(Crawled caption data)
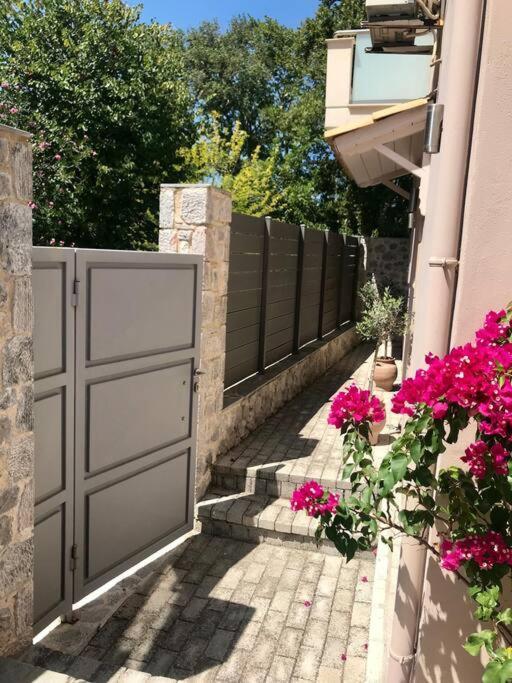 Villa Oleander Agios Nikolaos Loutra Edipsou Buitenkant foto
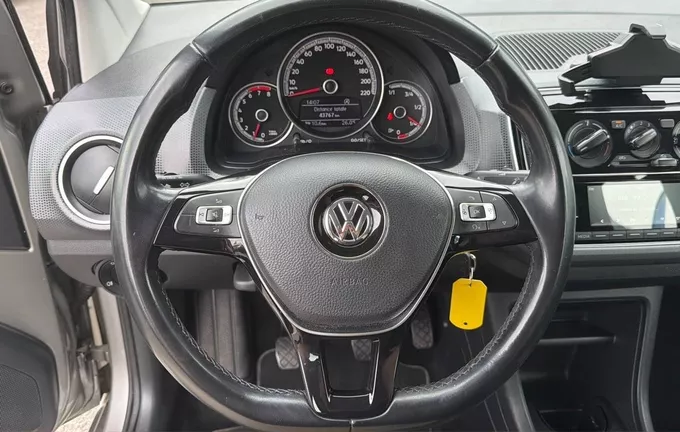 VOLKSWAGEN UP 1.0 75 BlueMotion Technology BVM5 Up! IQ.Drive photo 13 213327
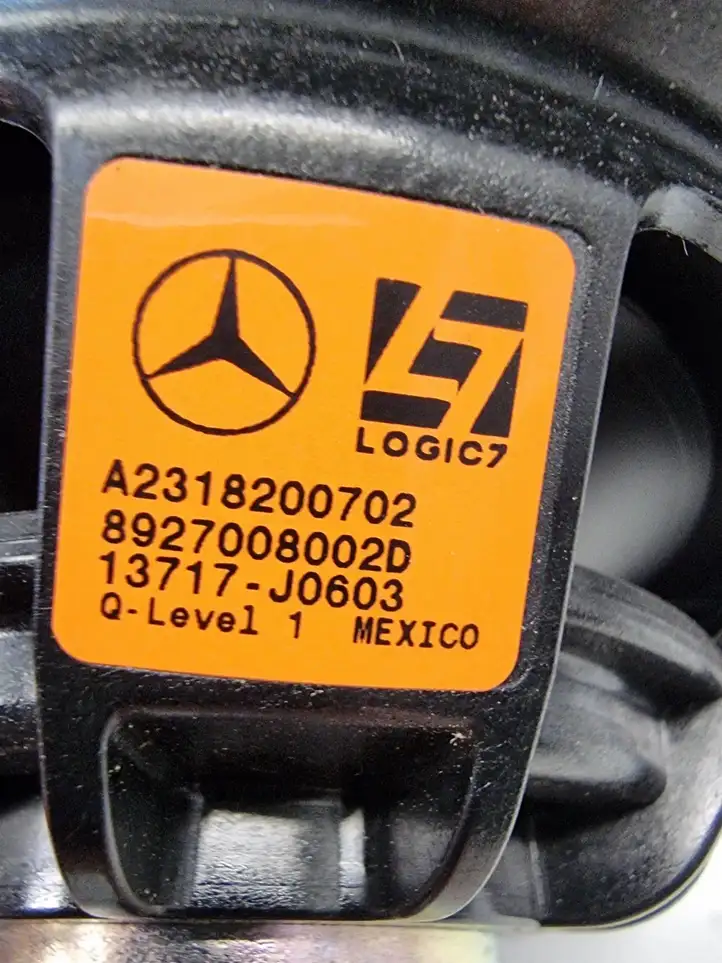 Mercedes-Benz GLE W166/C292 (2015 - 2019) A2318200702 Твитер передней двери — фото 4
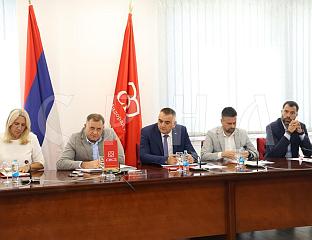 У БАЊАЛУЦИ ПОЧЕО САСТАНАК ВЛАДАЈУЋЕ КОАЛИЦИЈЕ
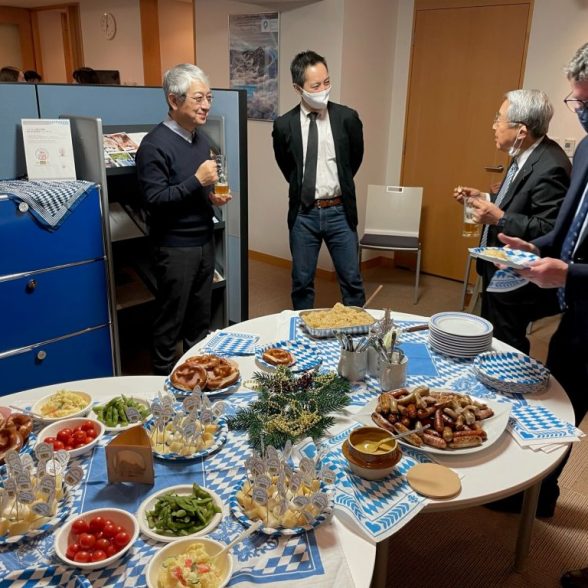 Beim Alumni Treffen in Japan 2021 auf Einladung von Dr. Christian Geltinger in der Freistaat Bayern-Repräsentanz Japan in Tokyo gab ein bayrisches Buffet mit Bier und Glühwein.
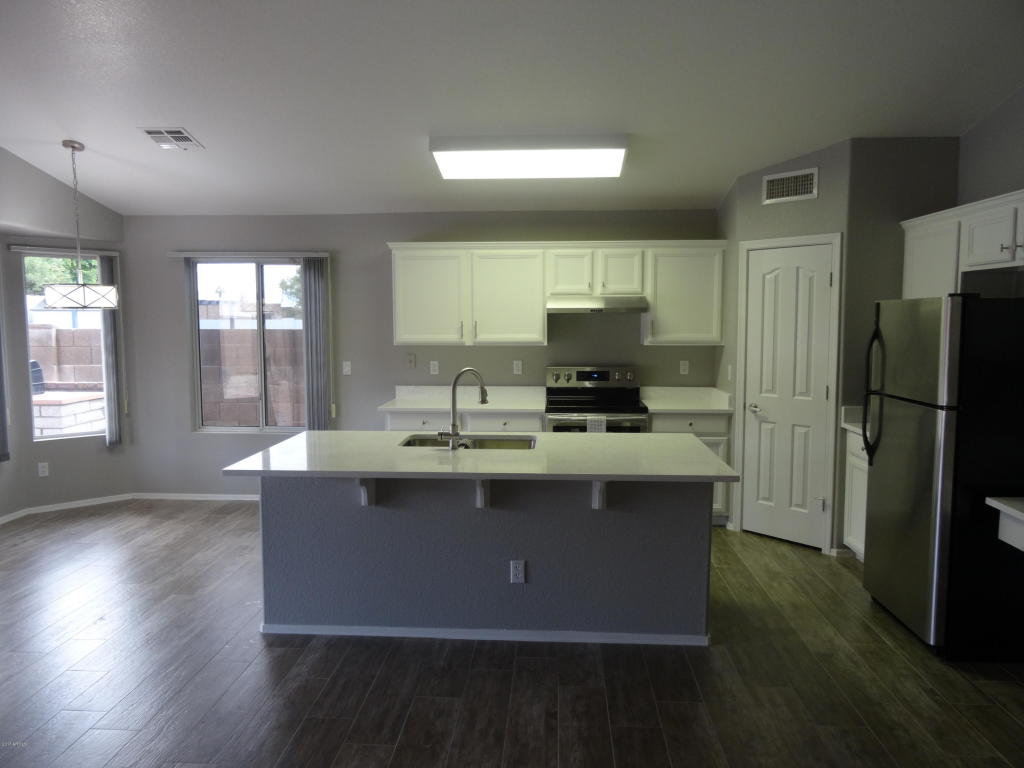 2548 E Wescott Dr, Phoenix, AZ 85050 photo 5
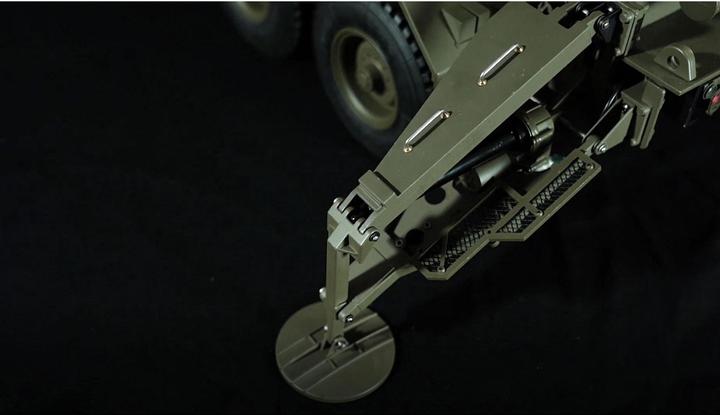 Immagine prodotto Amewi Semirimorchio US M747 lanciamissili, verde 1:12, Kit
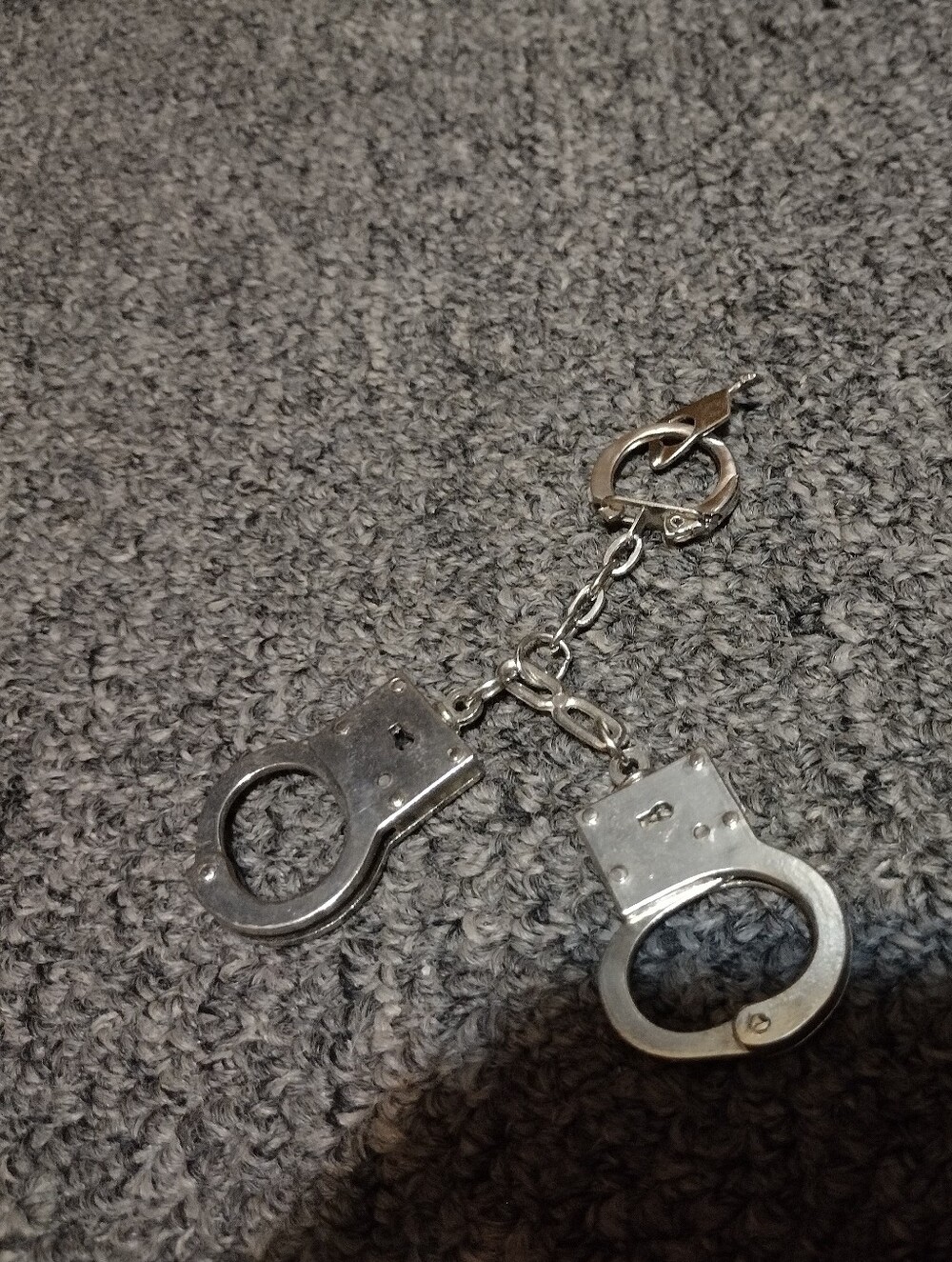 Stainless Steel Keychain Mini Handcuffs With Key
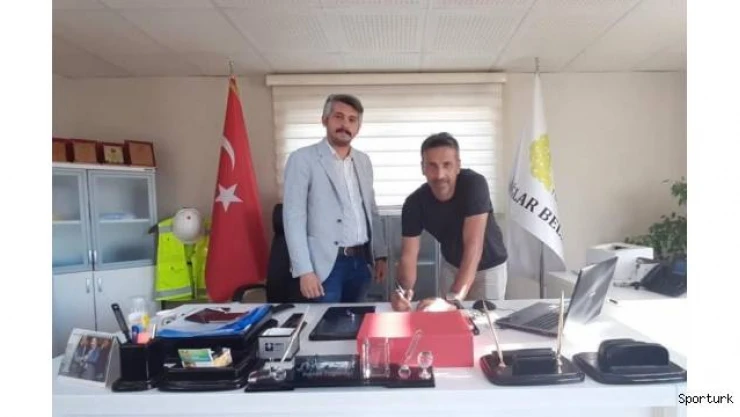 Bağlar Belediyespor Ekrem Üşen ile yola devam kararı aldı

Problem description:
Repeat the lines of the records verbatim, starting at the line containing "Mercedes-Benz GLE W166/C292" and stopping after the final line. Images stay out.

Written response:
 Mercedes-Benz GLE W166/C292 (2015 - 2019) A2318200702 Твитер передней двери — фото 4
 У БАЊАЛУЦИ ПОЧЕО САСТАНАК ВЛАДАЈУЋЕ КОАЛИЦИЈЕ
 Beim Alumni Treffen in Japan 2021 auf Einladung von Dr. Christian Geltinger in der Freistaat Bayern-Repräsentanz Japan in Tokyo gab ein bayrisches Buffet mit Bier und Glühwein.
 2548 E Wescott Dr, Phoenix, AZ 85050 photo 5
 Immagine prodotto Amewi Semirimorchio US M747 lanciamissili, verde 1:12, Kit
 Stainless Steel Keychain Mini Handcuffs With Key
 Bağlar Belediyespor Ekrem Üşen ile yola devam kararı aldı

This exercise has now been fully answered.